◆ **Extracted information**
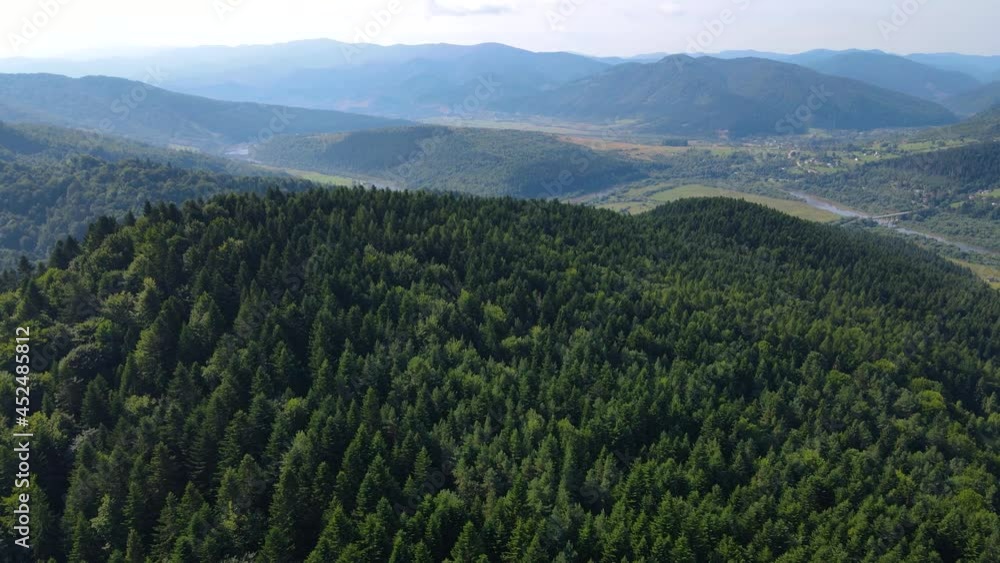 Сinematic aerial view of the endless mountains and forests of southern Slovenia. Drone flying through the forest Сinematic aerial view of the endless mountains and forests of southern Slovenia. Drone flying through the forest
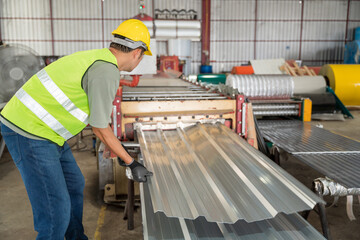 A Worker in reflective vest and hard hat manually guiding a finished corrugated metal sheet from...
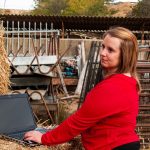 Młoda kobieta używająca laptopa na balie siana na farmie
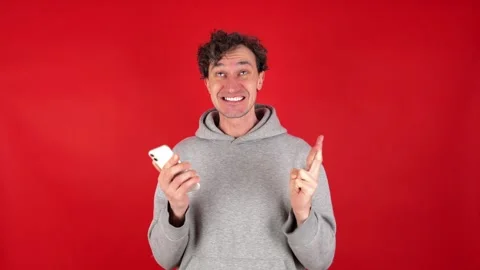 Surprised man looking into mobile phone with his fingers crossed on his hand Stock Footage 304747613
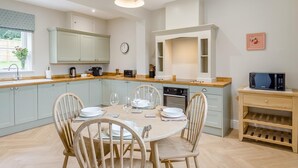 A modern kitchen with light-colored cabinets, a wooden dining table set for four, and a microwave on a wooden sideboard. - 2 Bed in Mannington (oc-g32751) (Mannington)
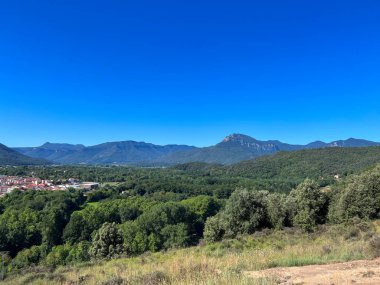 Panoramik manzara Olot şehrini, yeşil ağaçları ve açık gökyüzünün altındaki uzak dağları yakalıyor.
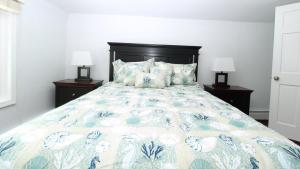 a bedroom with a bed with a blue and white comforter at Second Floor Condo - Pool - 4 Bedrooms in West Cape May +26 photos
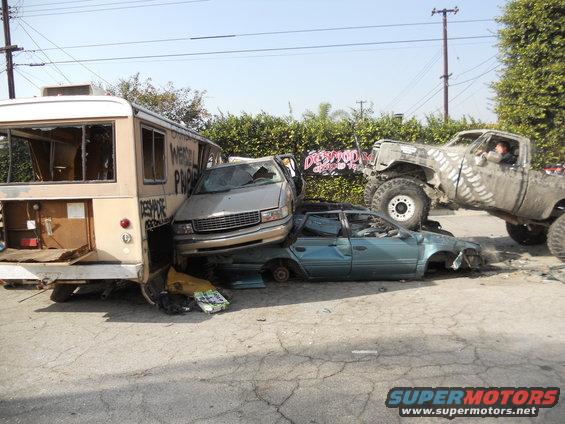 Wrecked cars and a bus piled up, with a lifted monster truck on top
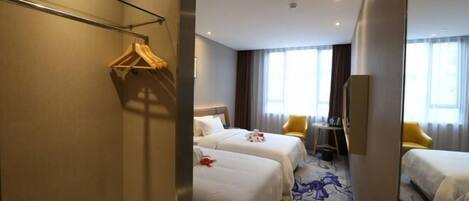 A hotel room with two beds, a mirror, a wardrobe, a desk, and a chair.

◆ **Problem to solve**
Quote exactly, and only, the lines from the line containing "Młoda kobieta używająca" through the final line of the records above, both included, omitting any pictures.

◆ **Answer for this exercise**
 Młoda kobieta używająca laptopa na balie siana na farmie
 Surprised man looking into mobile phone with his fingers crossed on his hand Stock Footage 304747613
 A modern kitchen with light-colored cabinets, a wooden dining table set for four, and a microwave on a wooden sideboard. - 2 Bed in Mannington (oc-g32751) (Mannington)
 Panoramik manzara Olot şehrini, yeşil ağaçları ve açık gökyüzünün altındaki uzak dağları yakalıyor.
 a bedroom with a bed with a blue and white comforter at Second Floor Condo - Pool - 4 Bedrooms in West Cape May +26 photos
 Wrecked cars and a bus piled up, with a lifted monster truck on top
 A hotel room with two beds, a mirror, a wardrobe, a desk, and a chair.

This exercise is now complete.